Recent studies have shown the capacity of AR and 3D printing technologies to improve orientation and spatial skills for medical procedures as well as enhance patient engagement and education.

Yet despite the demonstrated benefits of these technologies, their adoption by physicians remains rather limited, the authors noted. The integration of AR and 3D printing into clinical practice often requires extensive knowledge of engineering and software development and also brings with it significant time and cost considerations.

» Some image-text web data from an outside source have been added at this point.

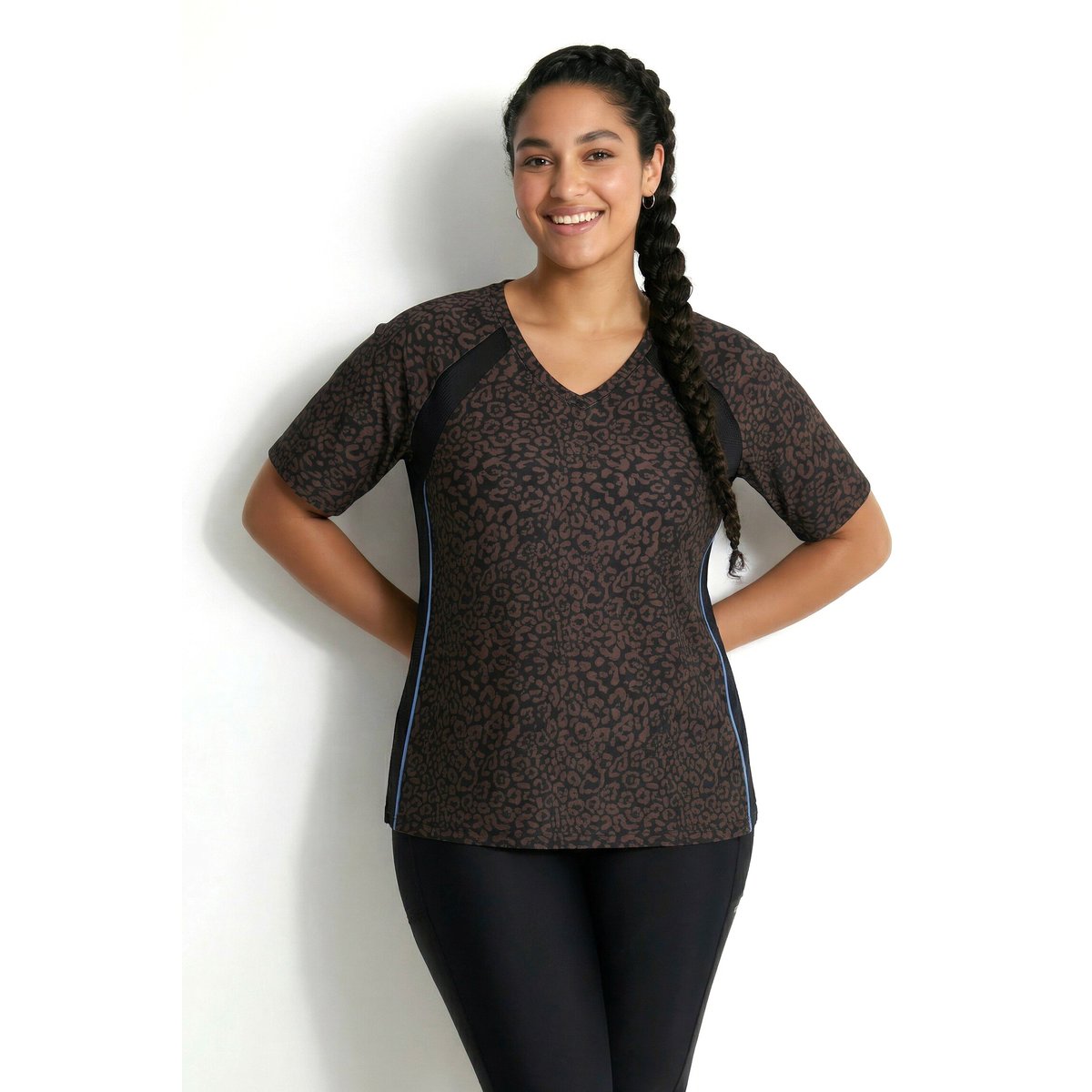 T-shirt technique avec matière recyclée marron, ULLA POPKEN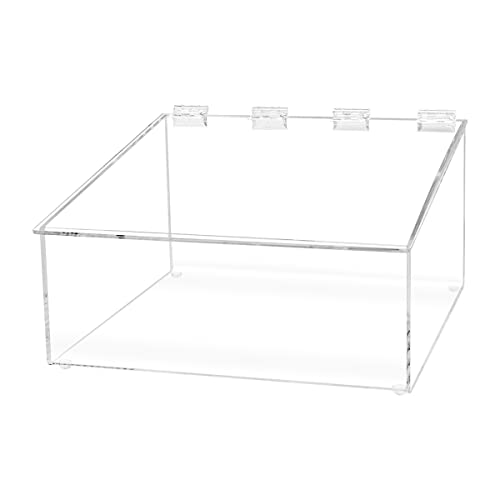 Marketing Holders Acrylic 10”W Bread Pastry Bin Top Opening Dry Food Baked Goods Candy Display Clear Plexiglass Hinged Lid for Easy Access
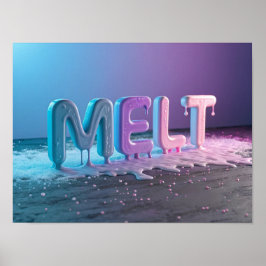 Póster MELT: Resumen de tipografía en 3D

In light of these barriers, Pascau and colleagues developed a method that makes the use of AR and 3D printing in clinical settings more accessible to users with minimal technical knowledge of the technologies. Their method consists of several parts summarized in the following steps:

  • Setup: The protocol requires users to download and install multiple open-source software, including 3D Slicer, Meshmixer, and Unity, and software modules from the GitHub data repository, all of which are freely available online.
  • Creating the 3D models: Clinicians can create virtual 3D models from patient imaging data acquired using any standard modality by inputting the medical image file into open-source segmentation software, segmenting target anatomy and pathology, and exporting the files as 3D models. The group's article details the precise steps involved in this process.
  • Model positioning: The 3D models need to be aligned with special markers to be able to see them with AR technology. The software allows for automatic registration of the models to ensure proper positioning, orientation, and scaling. Users can further position the models as they see fit following step-by-step instructions that are posted directly online in the download section for the segmentation software module OpenARHealth.
  • 3D printing: The group's method also involves 3D printing the virtual 3D models and the associated AR markers. The mobility of the markers enables users to see 3D models on their phones wherever they place the markers.
  • Smartphone app: Pascau and colleagues also describe exactly how clinicians can develop entirely on their own the app to view 3D models on an Android or iOS smartphone. The process entails no more than a dozen simple steps.
  • Visualization: Finally, users will be able to open their self-made app, choose the patient-specific 3D models they would like to view on a smartphone, and alter the positioning of the models as needed. The app displays a selected 3D model on the smartphone screen as soon as the camera recognizes the corresponding 3D-printed marker.

The researchers' method allows any clinician with a smartphone to visualize patient imaging data in 3D in any number of real-world settings for a relatively low cost. To test the feasibility of their technique, the researchers applied it to a clinical case of a patient who underwent a CT exam to evaluate a distal leg sarcoma.

The combination of AR and 3D printing can "become a powerful solution for physicians ... which can help improve preoperative planning and clinical interventions," the authors wrote.

For clinicians interested in getting started, the researchers have produced and posted online a brief video explaining their process for creating and visualizing 3D models on a smartphone.